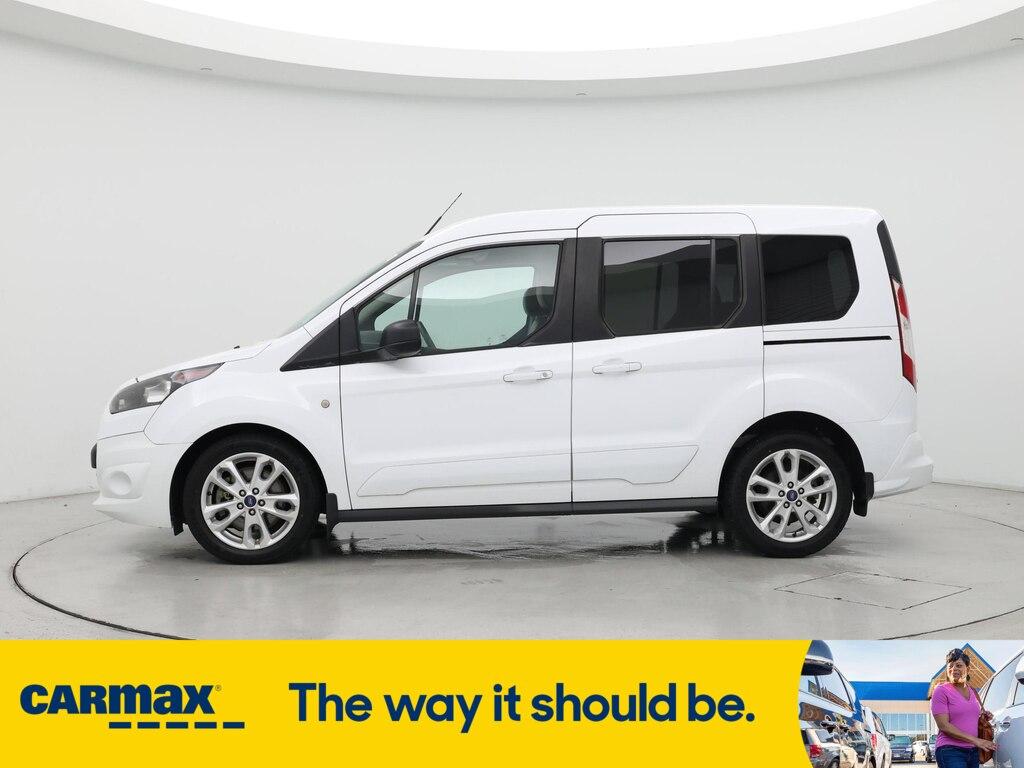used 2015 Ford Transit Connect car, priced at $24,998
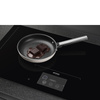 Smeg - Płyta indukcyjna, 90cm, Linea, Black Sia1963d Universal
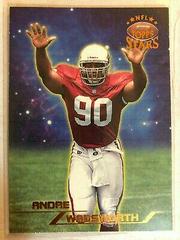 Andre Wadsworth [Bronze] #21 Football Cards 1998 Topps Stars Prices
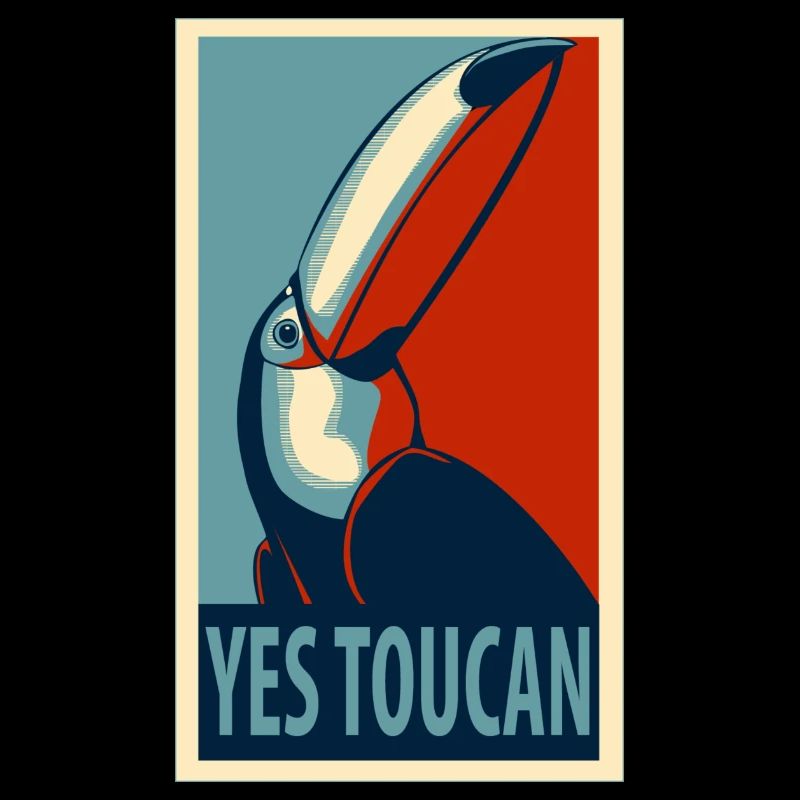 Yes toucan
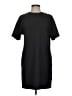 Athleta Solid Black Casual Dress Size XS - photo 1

...

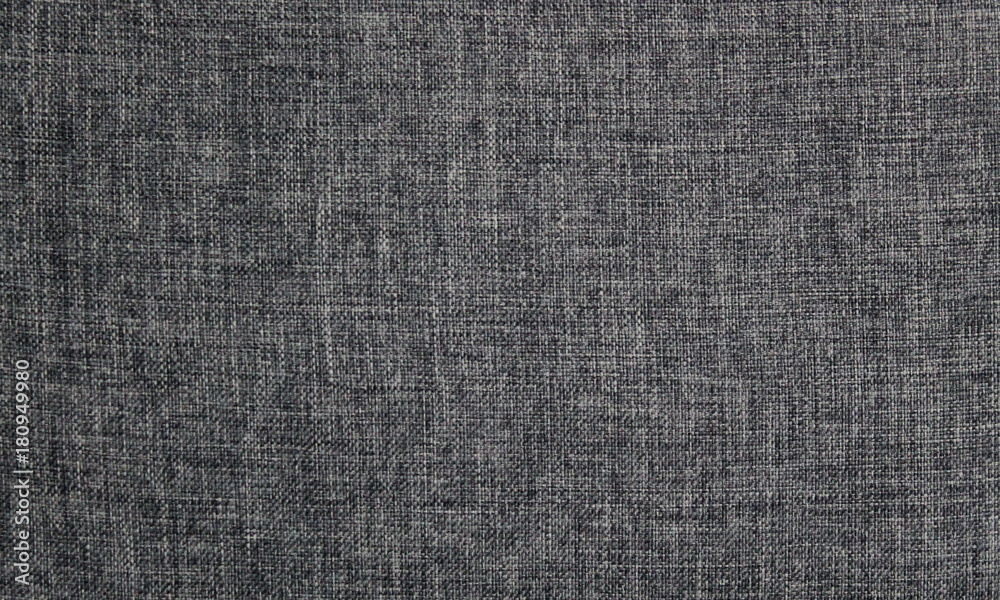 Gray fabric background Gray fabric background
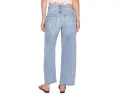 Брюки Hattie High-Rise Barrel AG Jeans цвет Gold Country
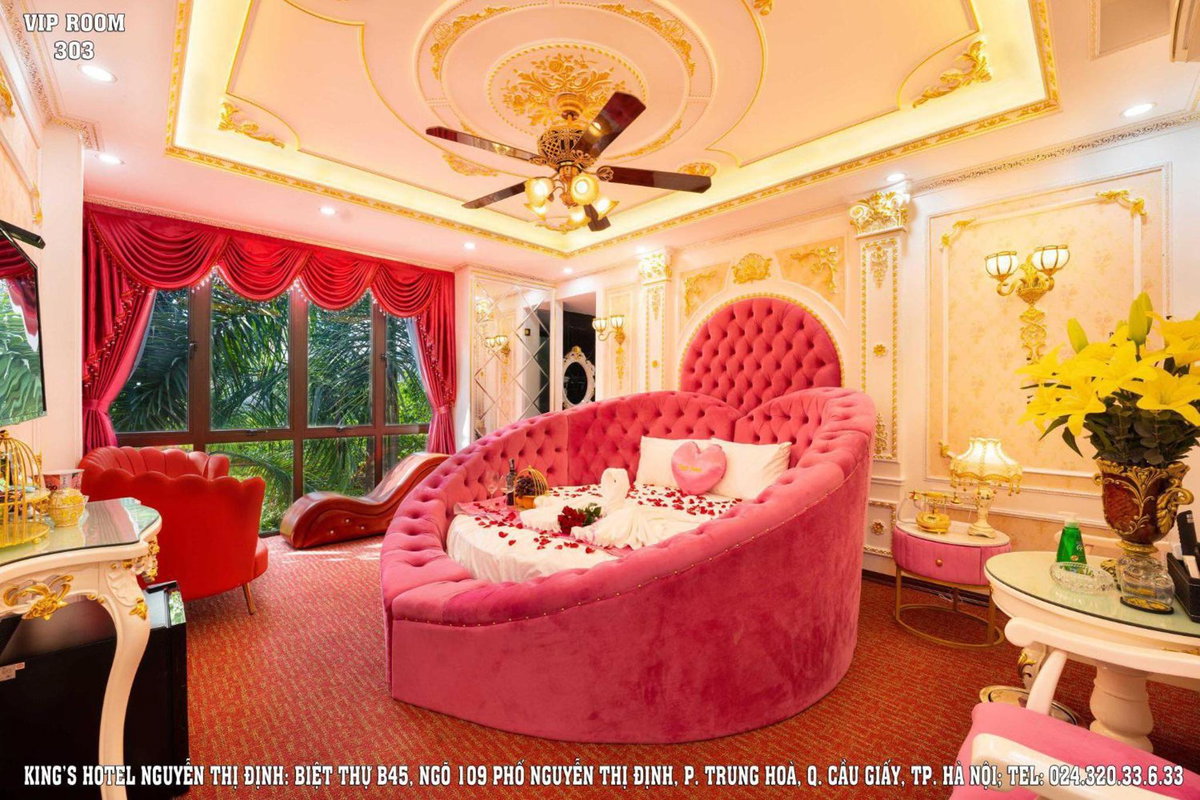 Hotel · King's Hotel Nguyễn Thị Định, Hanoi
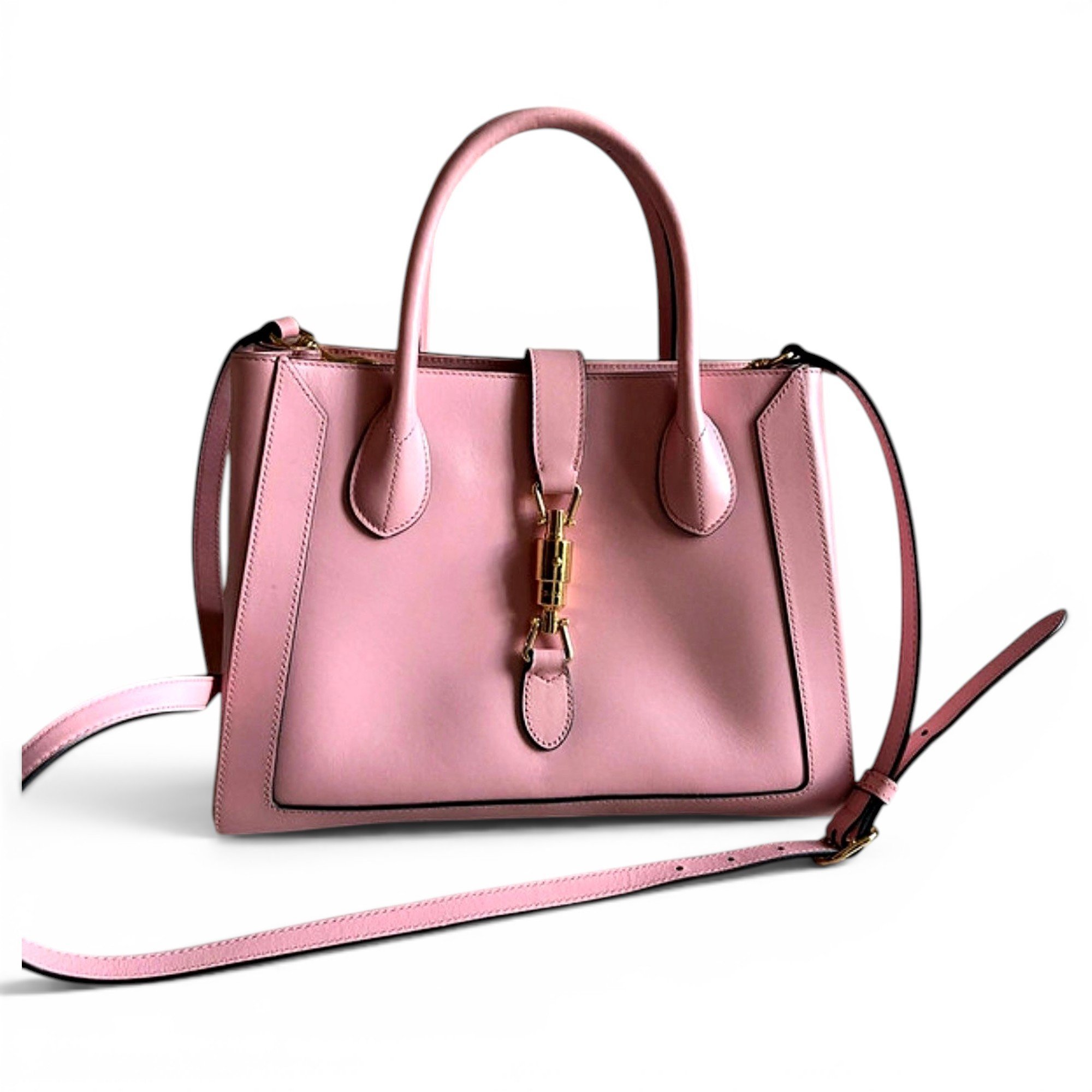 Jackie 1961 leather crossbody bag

--

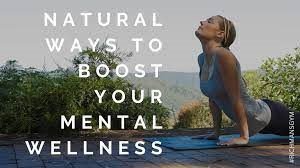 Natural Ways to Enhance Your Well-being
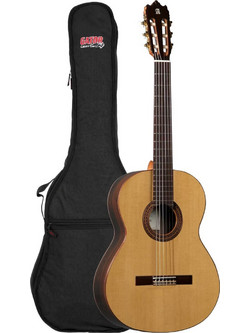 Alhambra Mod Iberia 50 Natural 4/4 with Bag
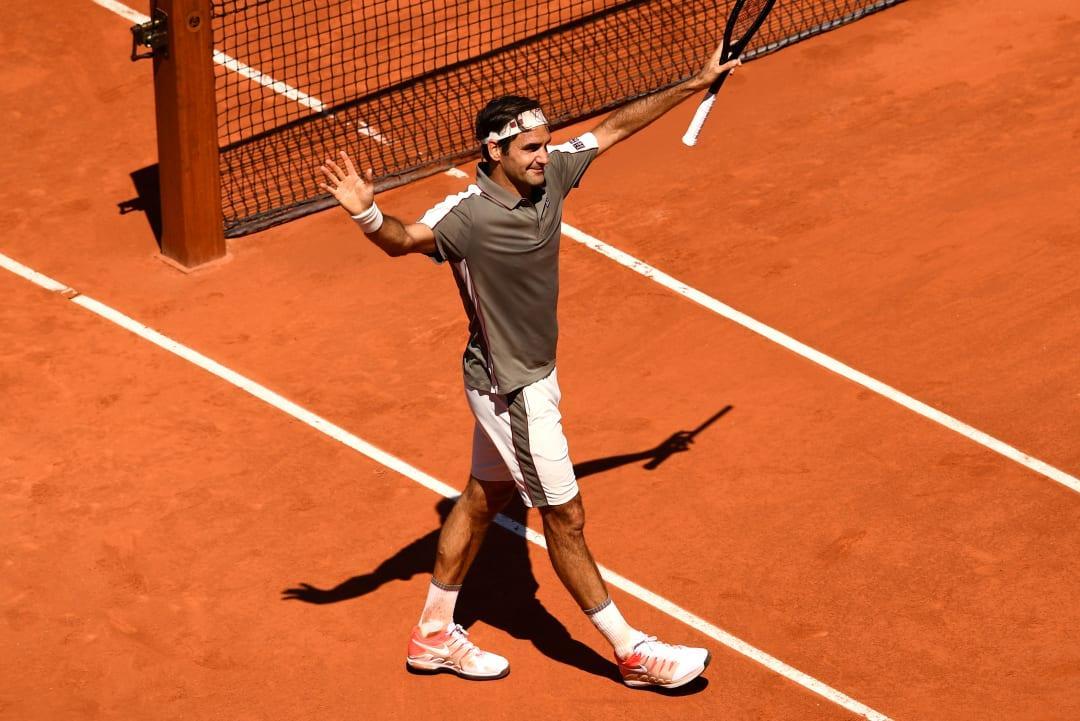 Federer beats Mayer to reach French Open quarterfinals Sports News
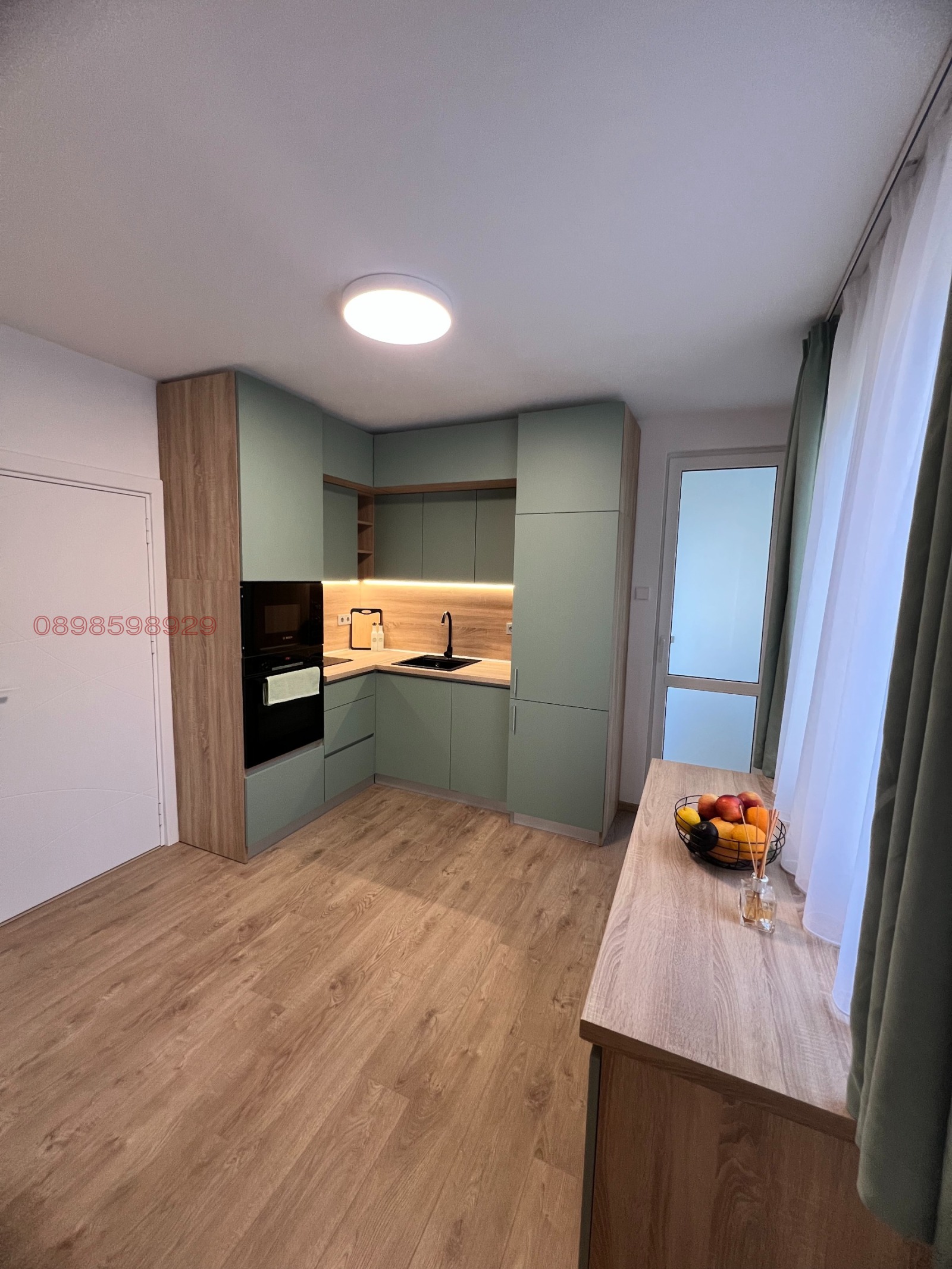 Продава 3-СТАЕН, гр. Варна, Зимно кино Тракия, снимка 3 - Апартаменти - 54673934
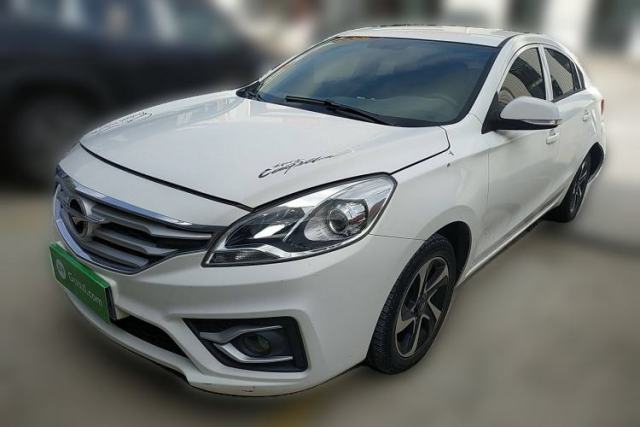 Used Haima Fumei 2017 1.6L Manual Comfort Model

→ **Instructions to follow**:
Please return the material above only from the line that holds "used 2015 Ford" through the line that holds "Athleta Solid Black", exactly as it stands, ends included and pictures omitted.

→ **Response**:
used 2015 Ford Transit Connect car, priced at $24,998
 Smeg - Płyta indukcyjna, 90cm, Linea, Black Sia1963d Universal
 Andre Wadsworth [Bronze] #21 Football Cards 1998 Topps Stars Prices
 Yes toucan
 Athleta Solid Black Casual Dress Size XS - photo 1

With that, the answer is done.